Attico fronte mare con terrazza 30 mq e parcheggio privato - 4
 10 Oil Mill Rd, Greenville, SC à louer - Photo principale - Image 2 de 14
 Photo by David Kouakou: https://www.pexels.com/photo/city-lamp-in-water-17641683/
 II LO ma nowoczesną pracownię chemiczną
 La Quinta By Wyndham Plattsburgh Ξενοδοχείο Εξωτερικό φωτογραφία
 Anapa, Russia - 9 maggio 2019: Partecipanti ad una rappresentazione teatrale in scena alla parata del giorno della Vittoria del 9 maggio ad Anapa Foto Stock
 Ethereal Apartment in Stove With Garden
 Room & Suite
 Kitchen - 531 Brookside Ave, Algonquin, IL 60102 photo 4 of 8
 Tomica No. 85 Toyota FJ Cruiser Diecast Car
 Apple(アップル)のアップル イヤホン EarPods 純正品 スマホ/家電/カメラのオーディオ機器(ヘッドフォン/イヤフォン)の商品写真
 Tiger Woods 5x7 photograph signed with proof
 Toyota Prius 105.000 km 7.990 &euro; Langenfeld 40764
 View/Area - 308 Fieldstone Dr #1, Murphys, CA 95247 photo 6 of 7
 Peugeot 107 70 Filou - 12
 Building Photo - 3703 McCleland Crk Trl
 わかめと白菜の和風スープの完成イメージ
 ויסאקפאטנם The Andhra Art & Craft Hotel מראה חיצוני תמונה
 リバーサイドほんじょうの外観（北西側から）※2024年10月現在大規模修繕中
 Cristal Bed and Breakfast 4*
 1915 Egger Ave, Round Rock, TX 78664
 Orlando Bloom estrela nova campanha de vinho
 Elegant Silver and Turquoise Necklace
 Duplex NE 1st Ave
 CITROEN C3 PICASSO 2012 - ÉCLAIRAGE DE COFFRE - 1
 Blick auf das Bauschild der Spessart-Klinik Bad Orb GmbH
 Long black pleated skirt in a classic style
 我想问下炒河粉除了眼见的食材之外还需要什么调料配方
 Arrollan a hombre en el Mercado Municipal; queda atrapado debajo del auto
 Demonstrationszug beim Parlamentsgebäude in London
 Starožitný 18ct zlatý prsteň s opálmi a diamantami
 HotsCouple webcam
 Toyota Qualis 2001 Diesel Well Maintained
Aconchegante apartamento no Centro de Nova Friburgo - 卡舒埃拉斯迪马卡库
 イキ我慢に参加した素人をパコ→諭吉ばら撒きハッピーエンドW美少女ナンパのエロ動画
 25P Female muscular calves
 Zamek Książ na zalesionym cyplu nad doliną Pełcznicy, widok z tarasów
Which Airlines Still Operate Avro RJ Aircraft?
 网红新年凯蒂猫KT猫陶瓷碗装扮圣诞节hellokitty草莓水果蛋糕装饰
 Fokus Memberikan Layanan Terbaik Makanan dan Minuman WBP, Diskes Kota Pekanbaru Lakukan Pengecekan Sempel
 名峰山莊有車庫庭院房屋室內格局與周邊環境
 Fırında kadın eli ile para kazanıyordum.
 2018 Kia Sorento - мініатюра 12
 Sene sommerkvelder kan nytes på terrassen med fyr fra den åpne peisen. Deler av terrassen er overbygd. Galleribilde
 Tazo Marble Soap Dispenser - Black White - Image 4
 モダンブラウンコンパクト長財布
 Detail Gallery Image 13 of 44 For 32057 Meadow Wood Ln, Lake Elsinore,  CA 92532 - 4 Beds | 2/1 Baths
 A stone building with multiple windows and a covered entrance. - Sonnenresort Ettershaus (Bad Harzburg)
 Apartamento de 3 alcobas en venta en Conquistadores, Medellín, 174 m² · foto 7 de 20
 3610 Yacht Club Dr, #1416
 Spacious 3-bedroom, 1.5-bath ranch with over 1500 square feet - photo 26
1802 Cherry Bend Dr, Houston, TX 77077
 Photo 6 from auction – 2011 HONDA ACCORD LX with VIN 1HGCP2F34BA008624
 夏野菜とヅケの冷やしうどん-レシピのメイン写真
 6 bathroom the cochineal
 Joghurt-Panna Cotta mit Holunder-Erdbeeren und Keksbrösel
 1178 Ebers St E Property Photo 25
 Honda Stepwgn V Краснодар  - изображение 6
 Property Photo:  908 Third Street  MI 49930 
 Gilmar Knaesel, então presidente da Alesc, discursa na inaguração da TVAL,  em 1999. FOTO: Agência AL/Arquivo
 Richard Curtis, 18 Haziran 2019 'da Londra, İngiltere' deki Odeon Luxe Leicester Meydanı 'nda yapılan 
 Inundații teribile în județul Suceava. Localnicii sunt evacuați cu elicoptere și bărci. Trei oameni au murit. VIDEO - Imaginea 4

• Task to carry out: Your answer should consist only of the lines from the one with "名峰山莊有車庫庭院房屋室內格局與周邊環境" through the end of the data above, reproduced exactly.

• Written answer:
 名峰山莊有車庫庭院房屋室內格局與周邊環境
 Fırında kadın eli ile para kazanıyordum.
 2018 Kia Sorento - мініатюра 12
 Sene sommerkvelder kan nytes på terrassen med fyr fra den åpne peisen. Deler av terrassen er overbygd. Galleribilde
 Tazo Marble Soap Dispenser - Black White - Image 4
 モダンブラウンコンパクト長財布
 Detail Gallery Image 13 of 44 For 32057 Meadow Wood Ln, Lake Elsinore,  CA 92532 - 4 Beds | 2/1 Baths
 A stone building with multiple windows and a covered entrance. - Sonnenresort Ettershaus (Bad Harzburg)
 Apartamento de 3 alcobas en venta en Conquistadores, Medellín, 174 m² · foto 7 de 20
 3610 Yacht Club Dr, #1416
 Spacious 3-bedroom, 1.5-bath ranch with over 1500 square feet - photo 26
1802 Cherry Bend Dr, Houston, TX 77077
 Photo 6 from auction – 2011 HONDA ACCORD LX with VIN 1HGCP2F34BA008624
 夏野菜とヅケの冷やしうどん-レシピのメイン写真
 6 bathroom the cochineal
 Joghurt-Panna Cotta mit Holunder-Erdbeeren und Keksbrösel
 1178 Ebers St E Property Photo 25
 Honda Stepwgn V Краснодар  - изображение 6
 Property Photo:  908 Third Street  MI 49930 
 Gilmar Knaesel, então presidente da Alesc, discursa na inaguração da TVAL,  em 1999. FOTO: Agência AL/Arquivo
 Richard Curtis, 18 Haziran 2019 'da Londra, İngiltere' deki Odeon Luxe Leicester Meydanı 'nda yapılan 
 Inundații teribile în județul Suceava. Localnicii sunt evacuați cu elicoptere și bărci. Trei oameni au murit. VIDEO - Imaginea 4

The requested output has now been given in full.